→ **Work task**: Given these entries, repeat exactly the lines starting with the one that has "3 S Kam Curl" and going on through the one that has "Used 2015 Kia Sorento LX image 27", both included, but none of the pictures.

→ **Supplied data**:

·····

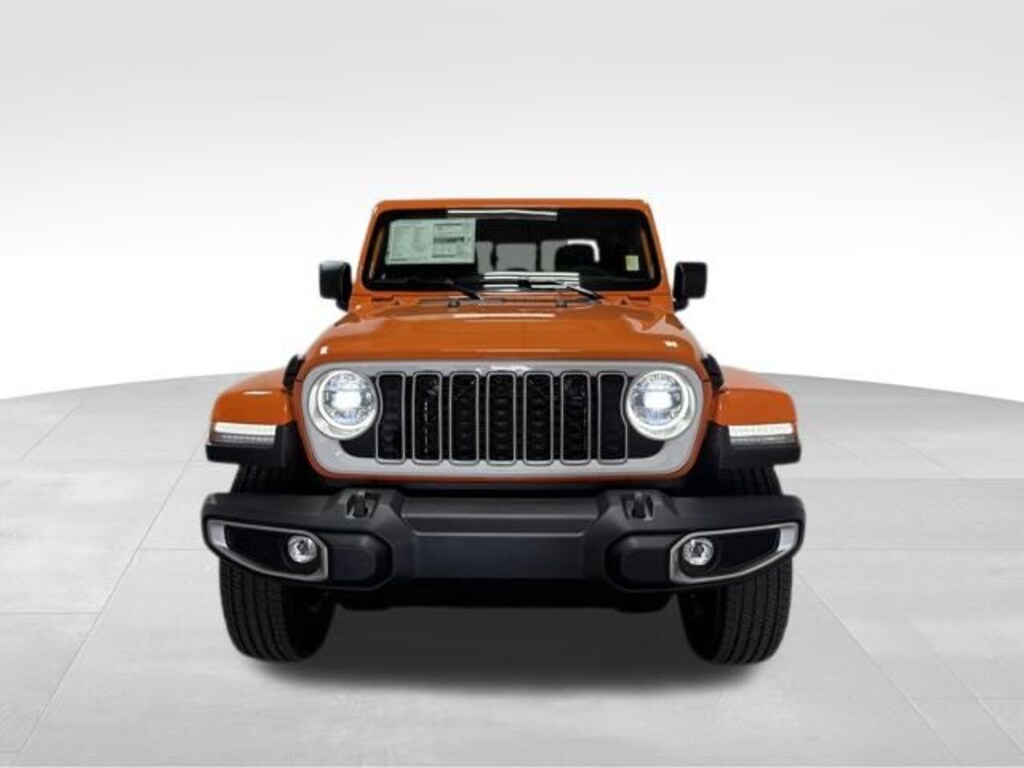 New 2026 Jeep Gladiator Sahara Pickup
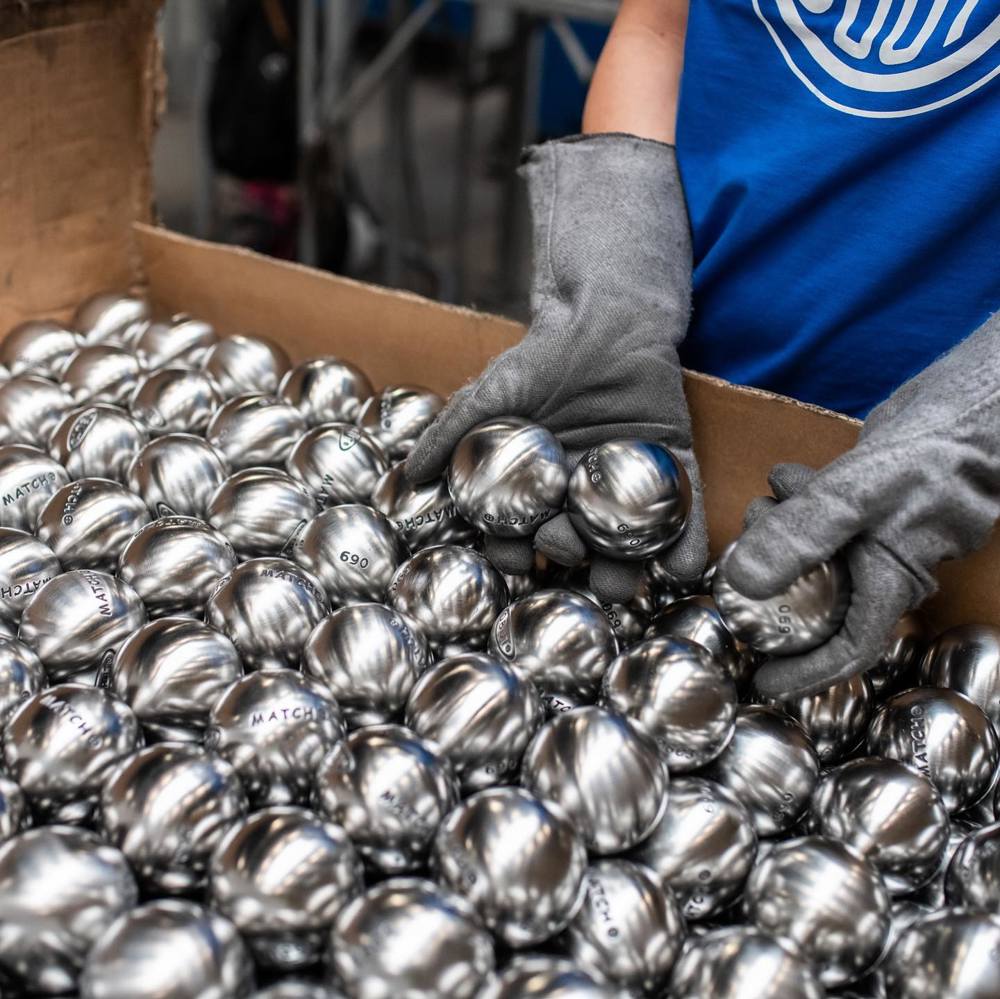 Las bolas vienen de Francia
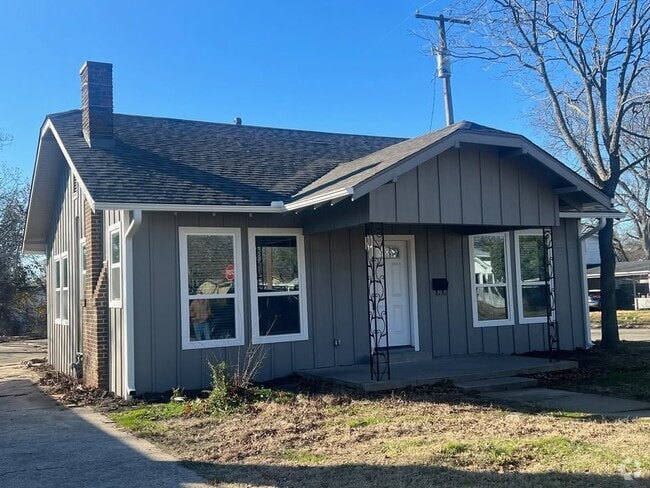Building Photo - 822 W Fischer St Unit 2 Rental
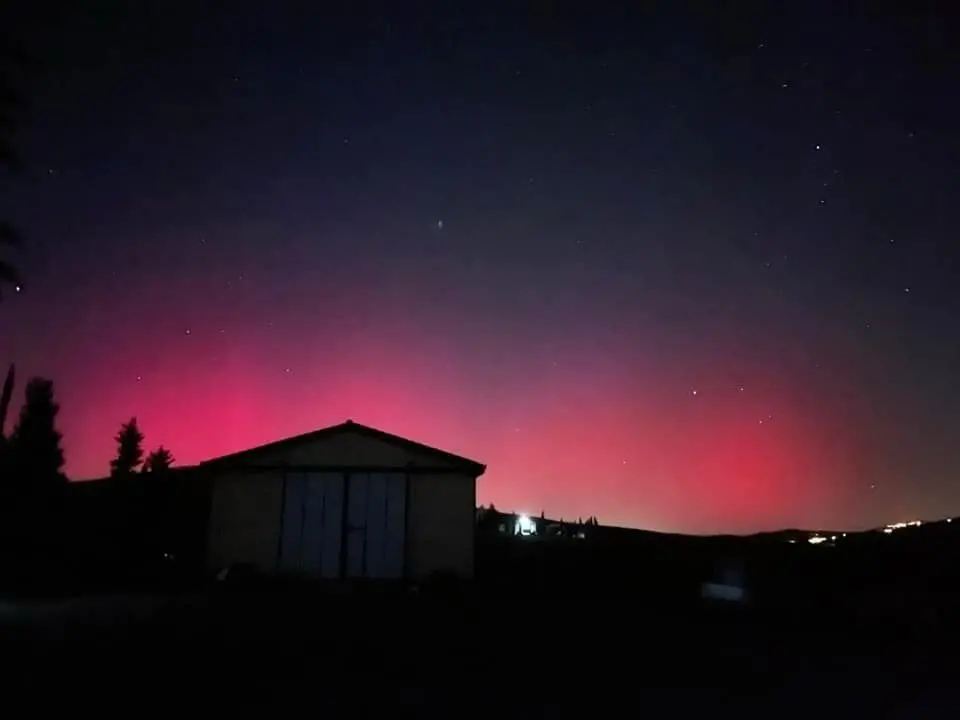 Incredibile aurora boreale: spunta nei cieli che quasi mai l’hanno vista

·····

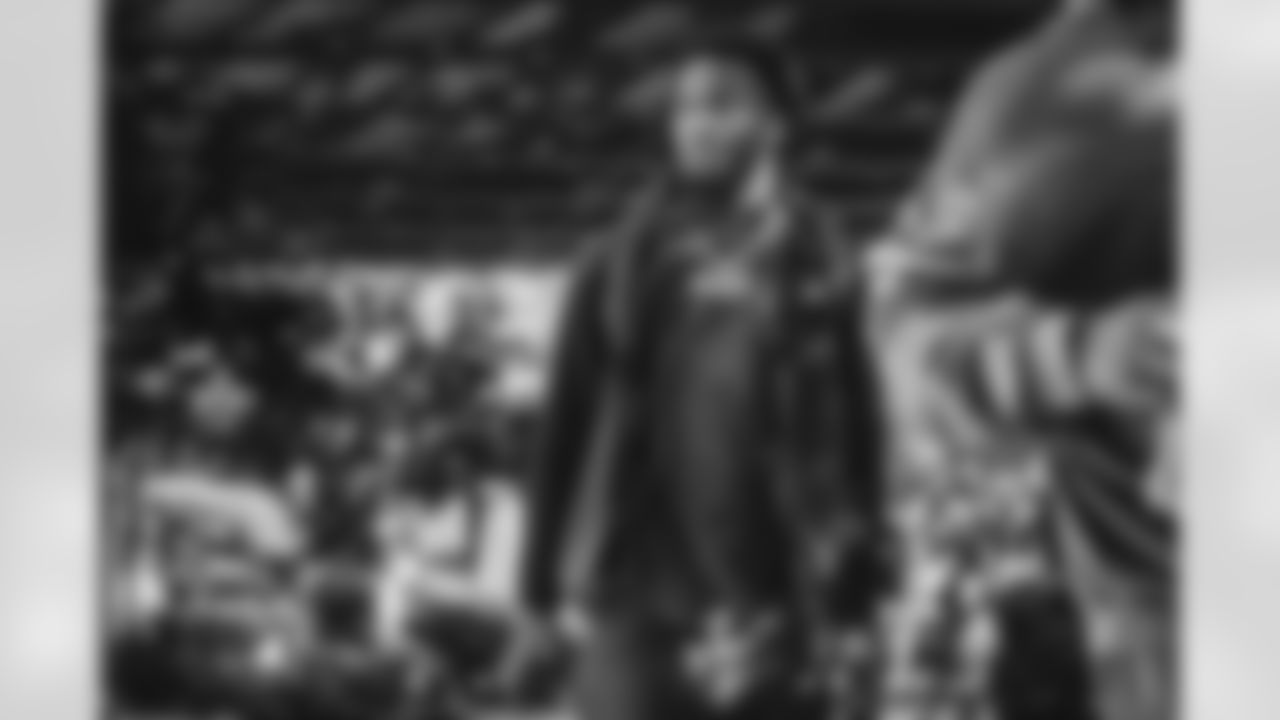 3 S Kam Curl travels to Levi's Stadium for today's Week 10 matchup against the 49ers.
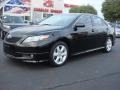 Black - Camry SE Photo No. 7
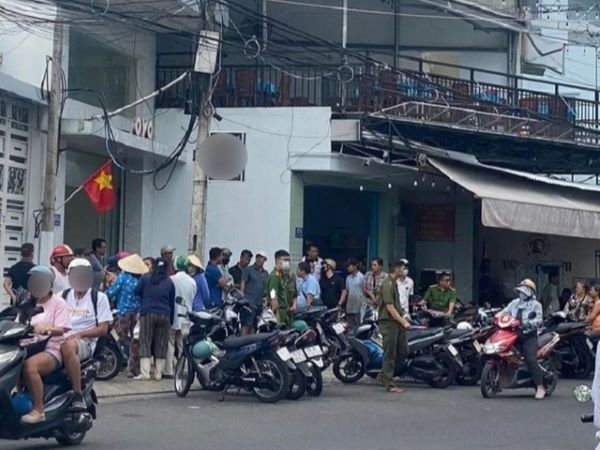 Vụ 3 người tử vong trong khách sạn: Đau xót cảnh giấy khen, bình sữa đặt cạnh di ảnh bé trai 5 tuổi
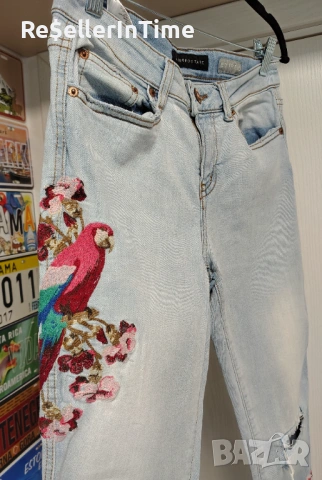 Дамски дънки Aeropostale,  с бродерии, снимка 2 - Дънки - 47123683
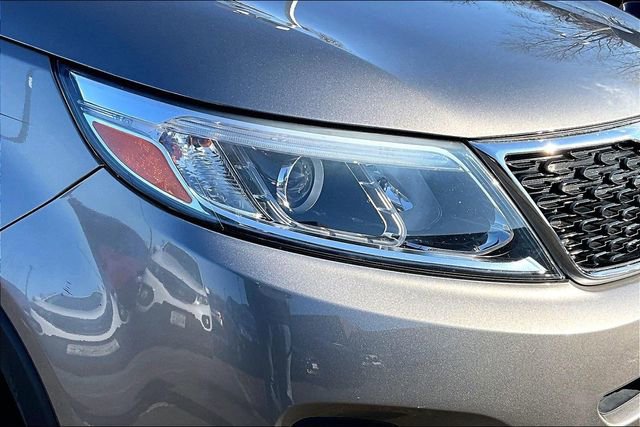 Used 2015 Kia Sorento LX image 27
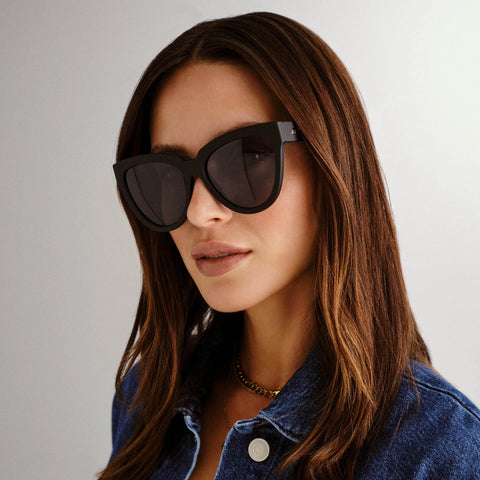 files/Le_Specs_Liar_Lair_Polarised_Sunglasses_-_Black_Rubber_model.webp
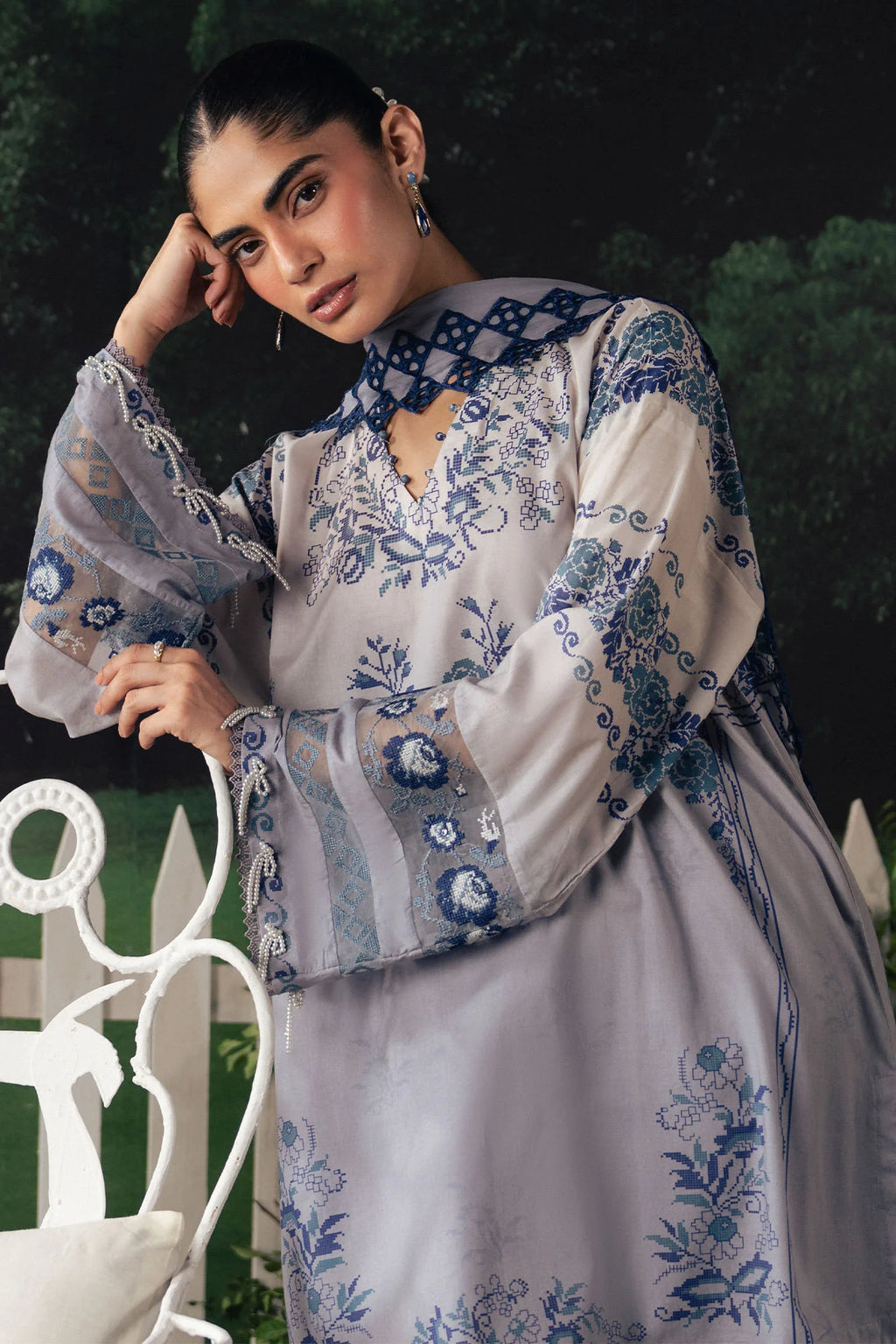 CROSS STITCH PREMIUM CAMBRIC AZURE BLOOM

·····

→ **Answer for the task**:
 3 S Kam Curl travels to Levi's Stadium for today's Week 10 matchup against the 49ers.
 Black - Camry SE Photo No. 7
 Vụ 3 người tử vong trong khách sạn: Đau xót cảnh giấy khen, bình sữa đặt cạnh di ảnh bé trai 5 tuổi
 Дамски дънки Aeropostale,  с бродерии, снимка 2 - Дънки - 47123683
 Used 2015 Kia Sorento LX image 27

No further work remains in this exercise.